• **Task requirements**
Output only the lines below from the one containing "Quality Inn East Amarillo - image 22" to the one containing "Vintage NRA ILA", exactly as written, both ends kept.

• **Working data**
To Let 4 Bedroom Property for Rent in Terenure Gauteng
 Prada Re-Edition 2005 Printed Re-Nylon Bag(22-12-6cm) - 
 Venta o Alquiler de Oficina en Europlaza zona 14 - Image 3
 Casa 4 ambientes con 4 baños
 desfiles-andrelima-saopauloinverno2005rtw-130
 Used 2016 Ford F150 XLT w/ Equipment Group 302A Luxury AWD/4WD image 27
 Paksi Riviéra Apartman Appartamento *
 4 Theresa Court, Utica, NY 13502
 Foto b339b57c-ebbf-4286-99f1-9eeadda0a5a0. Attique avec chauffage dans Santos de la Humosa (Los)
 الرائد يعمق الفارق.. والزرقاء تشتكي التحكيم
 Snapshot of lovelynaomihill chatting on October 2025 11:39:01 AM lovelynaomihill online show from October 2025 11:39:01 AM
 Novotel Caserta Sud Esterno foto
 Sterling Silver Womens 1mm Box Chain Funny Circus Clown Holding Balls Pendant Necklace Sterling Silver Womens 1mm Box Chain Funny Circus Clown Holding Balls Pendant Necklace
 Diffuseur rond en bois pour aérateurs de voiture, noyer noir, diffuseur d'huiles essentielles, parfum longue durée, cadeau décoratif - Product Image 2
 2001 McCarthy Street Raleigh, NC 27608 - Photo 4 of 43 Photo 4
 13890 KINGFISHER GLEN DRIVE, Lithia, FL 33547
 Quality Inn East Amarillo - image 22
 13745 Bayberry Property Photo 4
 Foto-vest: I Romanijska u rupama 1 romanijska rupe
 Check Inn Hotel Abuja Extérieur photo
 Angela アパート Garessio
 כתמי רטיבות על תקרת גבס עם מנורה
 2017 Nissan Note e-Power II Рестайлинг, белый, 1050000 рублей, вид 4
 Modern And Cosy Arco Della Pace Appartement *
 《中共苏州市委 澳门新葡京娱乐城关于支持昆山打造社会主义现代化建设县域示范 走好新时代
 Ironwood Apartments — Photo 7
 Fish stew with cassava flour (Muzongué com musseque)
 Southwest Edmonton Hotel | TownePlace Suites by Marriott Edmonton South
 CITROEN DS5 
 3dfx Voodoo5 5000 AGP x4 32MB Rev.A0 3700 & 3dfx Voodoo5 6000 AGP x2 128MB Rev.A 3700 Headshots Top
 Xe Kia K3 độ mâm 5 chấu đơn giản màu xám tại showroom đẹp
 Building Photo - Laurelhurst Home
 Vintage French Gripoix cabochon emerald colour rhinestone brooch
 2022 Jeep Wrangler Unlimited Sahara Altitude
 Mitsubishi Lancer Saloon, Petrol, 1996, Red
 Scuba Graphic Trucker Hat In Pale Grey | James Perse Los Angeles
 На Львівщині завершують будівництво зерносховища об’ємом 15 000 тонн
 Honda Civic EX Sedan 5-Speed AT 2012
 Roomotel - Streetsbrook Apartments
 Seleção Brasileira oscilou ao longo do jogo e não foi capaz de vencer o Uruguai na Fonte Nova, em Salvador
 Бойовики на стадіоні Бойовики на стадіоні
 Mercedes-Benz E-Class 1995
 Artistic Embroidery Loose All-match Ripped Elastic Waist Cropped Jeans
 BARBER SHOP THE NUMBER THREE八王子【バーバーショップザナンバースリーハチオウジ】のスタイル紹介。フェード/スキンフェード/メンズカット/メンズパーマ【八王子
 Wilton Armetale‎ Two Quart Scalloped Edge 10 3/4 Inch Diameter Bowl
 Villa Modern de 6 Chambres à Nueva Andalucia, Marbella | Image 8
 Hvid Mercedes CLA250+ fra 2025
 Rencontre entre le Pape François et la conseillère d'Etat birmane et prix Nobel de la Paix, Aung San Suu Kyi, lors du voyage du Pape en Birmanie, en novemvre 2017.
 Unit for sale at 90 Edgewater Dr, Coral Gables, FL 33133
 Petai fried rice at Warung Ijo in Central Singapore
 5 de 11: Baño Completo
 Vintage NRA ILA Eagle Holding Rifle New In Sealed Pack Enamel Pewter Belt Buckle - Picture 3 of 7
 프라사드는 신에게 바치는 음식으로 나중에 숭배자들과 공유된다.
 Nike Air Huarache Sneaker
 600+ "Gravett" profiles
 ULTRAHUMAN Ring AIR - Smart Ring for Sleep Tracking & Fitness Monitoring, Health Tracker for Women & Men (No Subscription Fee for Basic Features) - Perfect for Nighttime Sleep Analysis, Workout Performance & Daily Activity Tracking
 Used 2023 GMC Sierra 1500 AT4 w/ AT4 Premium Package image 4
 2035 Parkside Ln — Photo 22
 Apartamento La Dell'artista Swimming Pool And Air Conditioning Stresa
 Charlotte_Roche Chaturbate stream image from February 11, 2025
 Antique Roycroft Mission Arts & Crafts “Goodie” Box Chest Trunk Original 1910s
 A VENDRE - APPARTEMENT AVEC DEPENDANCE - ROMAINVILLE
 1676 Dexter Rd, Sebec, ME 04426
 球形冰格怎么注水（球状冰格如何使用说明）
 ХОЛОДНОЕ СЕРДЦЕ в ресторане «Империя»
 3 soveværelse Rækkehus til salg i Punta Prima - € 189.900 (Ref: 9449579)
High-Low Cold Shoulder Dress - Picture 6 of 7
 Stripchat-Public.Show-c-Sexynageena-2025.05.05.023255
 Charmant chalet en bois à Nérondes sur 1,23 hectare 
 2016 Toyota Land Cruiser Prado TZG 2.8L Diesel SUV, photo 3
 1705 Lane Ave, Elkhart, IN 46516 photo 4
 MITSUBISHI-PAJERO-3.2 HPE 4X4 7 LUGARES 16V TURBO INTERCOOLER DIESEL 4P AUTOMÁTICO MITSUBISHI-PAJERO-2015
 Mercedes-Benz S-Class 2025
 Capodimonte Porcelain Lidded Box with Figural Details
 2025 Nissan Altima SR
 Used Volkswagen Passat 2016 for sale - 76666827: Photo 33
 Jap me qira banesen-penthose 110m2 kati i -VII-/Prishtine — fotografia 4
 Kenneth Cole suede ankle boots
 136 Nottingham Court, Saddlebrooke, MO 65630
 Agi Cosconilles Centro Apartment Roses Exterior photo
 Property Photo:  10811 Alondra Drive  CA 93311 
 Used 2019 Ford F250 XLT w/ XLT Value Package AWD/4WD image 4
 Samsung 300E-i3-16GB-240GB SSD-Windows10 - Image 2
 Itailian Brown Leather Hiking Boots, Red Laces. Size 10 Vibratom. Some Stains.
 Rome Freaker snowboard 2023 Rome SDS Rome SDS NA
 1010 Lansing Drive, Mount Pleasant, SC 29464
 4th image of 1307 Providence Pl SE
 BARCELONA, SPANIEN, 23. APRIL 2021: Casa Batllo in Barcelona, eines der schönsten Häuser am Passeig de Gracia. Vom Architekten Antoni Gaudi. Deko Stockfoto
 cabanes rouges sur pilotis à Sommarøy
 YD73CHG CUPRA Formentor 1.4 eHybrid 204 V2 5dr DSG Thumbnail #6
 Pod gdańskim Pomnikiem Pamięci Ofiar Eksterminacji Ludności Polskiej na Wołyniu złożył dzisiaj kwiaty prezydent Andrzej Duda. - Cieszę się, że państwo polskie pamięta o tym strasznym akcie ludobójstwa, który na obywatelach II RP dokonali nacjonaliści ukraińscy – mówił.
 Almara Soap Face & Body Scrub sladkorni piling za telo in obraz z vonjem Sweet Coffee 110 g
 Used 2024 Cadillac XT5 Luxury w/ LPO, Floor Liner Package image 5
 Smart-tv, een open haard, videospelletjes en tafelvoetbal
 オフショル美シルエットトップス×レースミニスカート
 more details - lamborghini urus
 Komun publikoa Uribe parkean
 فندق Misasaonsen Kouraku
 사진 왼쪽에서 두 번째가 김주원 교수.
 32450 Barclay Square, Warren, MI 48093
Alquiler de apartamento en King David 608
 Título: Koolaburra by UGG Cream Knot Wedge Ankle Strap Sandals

• **The answer**
 Quality Inn East Amarillo - image 22
 13745 Bayberry Property Photo 4
 Foto-vest: I Romanijska u rupama 1 romanijska rupe
 Check Inn Hotel Abuja Extérieur photo
 Angela アパート Garessio
 כתמי רטיבות על תקרת גבס עם מנורה
 2017 Nissan Note e-Power II Рестайлинг, белый, 1050000 рублей, вид 4
 Modern And Cosy Arco Della Pace Appartement *
 《中共苏州市委 澳门新葡京娱乐城关于支持昆山打造社会主义现代化建设县域示范 走好新时代
 Ironwood Apartments — Photo 7
 Fish stew with cassava flour (Muzongué com musseque)
 Southwest Edmonton Hotel | TownePlace Suites by Marriott Edmonton South
 CITROEN DS5 
 3dfx Voodoo5 5000 AGP x4 32MB Rev.A0 3700 & 3dfx Voodoo5 6000 AGP x2 128MB Rev.A 3700 Headshots Top
 Xe Kia K3 độ mâm 5 chấu đơn giản màu xám tại showroom đẹp
 Building Photo - Laurelhurst Home
 Vintage French Gripoix cabochon emerald colour rhinestone brooch
 2022 Jeep Wrangler Unlimited Sahara Altitude
 Mitsubishi Lancer Saloon, Petrol, 1996, Red
 Scuba Graphic Trucker Hat In Pale Grey | James Perse Los Angeles
 На Львівщині завершують будівництво зерносховища об’ємом 15 000 тонн
 Honda Civic EX Sedan 5-Speed AT 2012
 Roomotel - Streetsbrook Apartments
 Seleção Brasileira oscilou ao longo do jogo e não foi capaz de vencer o Uruguai na Fonte Nova, em Salvador
 Бойовики на стадіоні Бойовики на стадіоні
 Mercedes-Benz E-Class 1995
 Artistic Embroidery Loose All-match Ripped Elastic Waist Cropped Jeans
 BARBER SHOP THE NUMBER THREE八王子【バーバーショップザナンバースリーハチオウジ】のスタイル紹介。フェード/スキンフェード/メンズカット/メンズパーマ【八王子
 Wilton Armetale‎ Two Quart Scalloped Edge 10 3/4 Inch Diameter Bowl
 Villa Modern de 6 Chambres à Nueva Andalucia, Marbella | Image 8
 Hvid Mercedes CLA250+ fra 2025
 Rencontre entre le Pape François et la conseillère d'Etat birmane et prix Nobel de la Paix, Aung San Suu Kyi, lors du voyage du Pape en Birmanie, en novemvre 2017.
 Unit for sale at 90 Edgewater Dr, Coral Gables, FL 33133
 Petai fried rice at Warung Ijo in Central Singapore
 5 de 11: Baño Completo
 Vintage NRA ILA Eagle Holding Rifle New In Sealed Pack Enamel Pewter Belt Buckle - Picture 3 of 7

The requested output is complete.